Game ball goes to: Bridgewater. Once again, the junior was simply outstanding for the Cards, throwing for a career-high 447 yards and scoring four touchdowns. He threw on the run, into double coverage, to wide-open receivers (10 in all), eluded would-be tacklers and ran just a little, too. Bridgewater also set the school single-season record for touchdown passes with 31 and was easily the best player on the field, showing up his hometown team in spectacular fashion. Following his fourth score, he flashed the "U" hand signal to the crowd.
Stat of the game: 0-for-11. A big reason the Miami offense could get nothing going in this game was its inability to convert on third down. This is a problem that has vexed Miami all season, as the Canes ranked No. 84 in the nation in third-down conversions. But this was its worst performance all season on third down, topping its previously terrible 1-for-11 showing. That came in a victory over Florida, which made it easier to overlook such mistakes.
State of the game II: 13. Miami has been unable to consistently run the ball with injured starter Duke Johnson out of the lineup. That issue showed itself once again Saturday night, as Miami managed 14 yards on the ground and 0.5 yards per carry.
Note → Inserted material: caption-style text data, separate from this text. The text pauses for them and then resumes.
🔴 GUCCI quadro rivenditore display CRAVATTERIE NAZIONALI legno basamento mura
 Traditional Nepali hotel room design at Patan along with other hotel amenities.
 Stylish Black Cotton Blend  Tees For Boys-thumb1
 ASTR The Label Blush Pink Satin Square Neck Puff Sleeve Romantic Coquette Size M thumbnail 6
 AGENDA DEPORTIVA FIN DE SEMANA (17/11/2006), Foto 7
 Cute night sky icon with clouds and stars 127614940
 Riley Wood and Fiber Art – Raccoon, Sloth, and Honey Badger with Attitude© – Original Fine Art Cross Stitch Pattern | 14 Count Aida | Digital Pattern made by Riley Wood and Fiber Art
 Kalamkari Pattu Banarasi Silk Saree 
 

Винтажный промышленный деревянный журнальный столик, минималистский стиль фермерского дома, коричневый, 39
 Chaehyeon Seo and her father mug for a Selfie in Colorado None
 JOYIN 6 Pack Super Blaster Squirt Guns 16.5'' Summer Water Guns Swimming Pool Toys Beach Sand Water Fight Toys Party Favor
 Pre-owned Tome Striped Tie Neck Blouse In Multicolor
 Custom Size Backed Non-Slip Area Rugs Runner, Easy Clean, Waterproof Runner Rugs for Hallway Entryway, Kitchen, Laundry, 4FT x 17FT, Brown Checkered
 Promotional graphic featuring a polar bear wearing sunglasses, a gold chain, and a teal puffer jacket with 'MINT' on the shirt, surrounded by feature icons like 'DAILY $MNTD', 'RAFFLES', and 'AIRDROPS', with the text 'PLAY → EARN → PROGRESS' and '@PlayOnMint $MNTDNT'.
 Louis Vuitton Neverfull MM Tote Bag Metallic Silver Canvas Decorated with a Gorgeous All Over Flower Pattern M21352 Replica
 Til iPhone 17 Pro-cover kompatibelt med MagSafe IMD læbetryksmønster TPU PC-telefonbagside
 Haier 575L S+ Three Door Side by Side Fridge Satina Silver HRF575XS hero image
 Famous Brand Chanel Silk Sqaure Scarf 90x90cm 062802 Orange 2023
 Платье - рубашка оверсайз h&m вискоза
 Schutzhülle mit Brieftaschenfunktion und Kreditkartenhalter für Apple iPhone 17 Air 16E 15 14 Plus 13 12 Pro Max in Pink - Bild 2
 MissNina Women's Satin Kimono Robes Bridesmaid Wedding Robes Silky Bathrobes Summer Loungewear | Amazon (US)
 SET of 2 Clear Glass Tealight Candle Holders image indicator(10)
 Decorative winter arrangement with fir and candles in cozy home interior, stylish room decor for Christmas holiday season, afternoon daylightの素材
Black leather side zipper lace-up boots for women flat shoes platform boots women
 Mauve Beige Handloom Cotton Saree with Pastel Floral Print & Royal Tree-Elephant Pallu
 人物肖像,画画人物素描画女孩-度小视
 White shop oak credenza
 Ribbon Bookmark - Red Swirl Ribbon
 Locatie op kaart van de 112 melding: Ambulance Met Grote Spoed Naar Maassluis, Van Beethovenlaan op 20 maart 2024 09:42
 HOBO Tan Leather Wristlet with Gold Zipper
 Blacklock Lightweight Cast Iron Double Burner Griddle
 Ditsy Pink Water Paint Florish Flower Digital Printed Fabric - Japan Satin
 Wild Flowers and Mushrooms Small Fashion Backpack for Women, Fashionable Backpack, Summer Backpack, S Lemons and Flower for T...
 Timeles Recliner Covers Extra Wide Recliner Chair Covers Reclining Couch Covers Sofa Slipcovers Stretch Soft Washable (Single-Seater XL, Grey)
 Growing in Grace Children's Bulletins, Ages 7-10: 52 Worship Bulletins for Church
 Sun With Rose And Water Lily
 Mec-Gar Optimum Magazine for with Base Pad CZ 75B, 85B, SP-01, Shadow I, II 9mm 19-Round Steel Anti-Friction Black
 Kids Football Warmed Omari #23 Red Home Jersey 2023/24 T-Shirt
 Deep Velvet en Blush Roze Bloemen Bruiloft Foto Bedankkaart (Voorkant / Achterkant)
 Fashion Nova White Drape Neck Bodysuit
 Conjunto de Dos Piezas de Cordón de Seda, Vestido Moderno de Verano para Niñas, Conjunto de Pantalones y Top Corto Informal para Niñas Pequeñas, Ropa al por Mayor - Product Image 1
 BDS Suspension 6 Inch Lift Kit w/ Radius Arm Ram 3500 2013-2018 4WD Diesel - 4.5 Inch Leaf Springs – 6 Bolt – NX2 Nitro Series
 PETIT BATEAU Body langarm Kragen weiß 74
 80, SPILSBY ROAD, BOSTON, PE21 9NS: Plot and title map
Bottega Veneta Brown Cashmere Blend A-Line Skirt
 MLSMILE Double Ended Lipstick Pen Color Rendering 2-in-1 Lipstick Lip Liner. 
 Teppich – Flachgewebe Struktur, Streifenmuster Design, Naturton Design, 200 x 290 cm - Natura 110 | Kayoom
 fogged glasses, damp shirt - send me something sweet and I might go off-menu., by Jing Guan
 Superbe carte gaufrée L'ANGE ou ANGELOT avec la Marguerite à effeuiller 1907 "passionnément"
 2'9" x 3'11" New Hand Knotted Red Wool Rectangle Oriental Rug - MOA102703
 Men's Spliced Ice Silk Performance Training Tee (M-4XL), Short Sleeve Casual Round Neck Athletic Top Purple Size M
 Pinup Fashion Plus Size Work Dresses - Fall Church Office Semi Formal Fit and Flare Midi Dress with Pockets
Louisville made its home in the Miami backfield, overwhelming the Canes' offensive line throughout the game.
What Miami learned: Miami ends the season with losses in four of its final six games after reaching as high as No. 7 in the polls back in November. This team clearly has a way to go before it can be called elite again. Miami was whipped in every phase of Saturday's game, most notably along the line of scrimmage. The defense was a sieve once again, leaving more questions about whether defensive coordinator Mark D'Onofrio will return next year. The Miami defense has shown few signs of improvement over the last two seasons and that cannot continue. Miami was outplayed, out-efforted and outcoached in this game, an embarrassing end to the season.
What Louisville learned: If Bridgewater played his final game in a Louisville uniform, he did it with gusto. Louisville must now await his decision on whether to return to school or leave early for the NFL draft. Bridgewater left little doubt that he will be one of the first quarterbacks off the board should he turn pro. Without him, Louisville will have major questions headed into Year 1 in ACC play. With him, Louisville becomes a wild card in the Atlantic Division. Louisville showed it has the physicality, the toughness and the athletes to fit right into its new league home. But it won't know much about its future until Bridgewater decides what to do.